People say they care about certain things.

Too often, though, their reactions don’t quite confirm their claims. And I’m not confining myself to politicians or even tech leaders named Zuckerberg.

One area in which claim and reality aren’t in perfect harmony is privacy. Everyone claims to want it. Few do anything to achieve it.

Last week, I offered the story of my engineer friend George who was accosted in a New York park by Google operatives testing some sort of advanced Face ID for — presumably — the next Pixel phones.

They offered him $5 for detailed imaging of his face.

George merrily signed a waiver placed in front of him — without reading it — sold his face and told me this was because he doesn’t really care about privacy.

This caused some readers to be aghast, and not merely at Google. Some wanted to know how George could be so blessedly cavalier.

In my role as populist bard, therefore, I put a few pointed questions to George in order to understand better his patently troubling views.

Privacy Is An Illusion. Discuss.

Is George really serious about his nonchalant attitude to privacy?

“It’s not that I don’t care about privacy, I just think that it’s an illusion that our ego holds on to in order to not feel vulnerable,” he told me.

Oh, but isn’t the whole world an illusion?
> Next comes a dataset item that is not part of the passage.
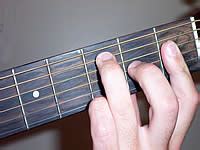 Guitar Chord Cm6 - C minor sixth at CHORD-C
Even Elon Musk thinks we might be living in a simulation. And aren’t we all doing our best to protect our egos from evil marauders? That’s what being a world leader — I’m sorry, I mean  a human being — is all about.

Sadly, George sank to rationality: “A private investigator will tell you that they can basically get any piece of information about anyone if they try hard enough, as long as the person hasn’t actively spent significant resources — labor or money — to remove their digital signatures and lock down their personal documents. It’s simply too much effort for a person who isn’t super paranoid.”

So we should just accept our personal vulnerability? I asked George how he’d feel if a video of him prancing naked around his apartment, while holding a blue teddy bear, were to emerge on YouTube.

“I’d like to think that I wouldn’t care, but that’s a logical argument. I really wouldn’t be able to understand who would even want to see that,” he said.

That’s the problem with engineers. They’re logical until it’s too late. Until human feelings go nose-to-nose with them and say: “Oy, what do you think you’re doing?”

I feel confident that George would loathe the emergence of that video. And I’d like to offer it to the highest bidder. (Yes, humor.)

I tested George’s resolve. I asked him to tell Technically Incorrect readers something excruciatingly embarrassing about himself.

Fortunately — or not — I’d caught him just after he’d been to a fine self-help seminar.

He replied: “One of the exercises was to walk around the city telling secrets to strangers that I’ve never said out loud. Another exercise was to walk across the street from a partner — also a stranger from the seminar — and yell out all the things I’ve realized about myself from the seminar. For 2 minutes with no silence. Some people laughed, some smiled, some honked their horns, some applauded, many judged.”

And there it is. Many judged. As too many online have discovered, you reveal yourself at your peril, more than ever these days.

It could cost you your job and a lot more besides. 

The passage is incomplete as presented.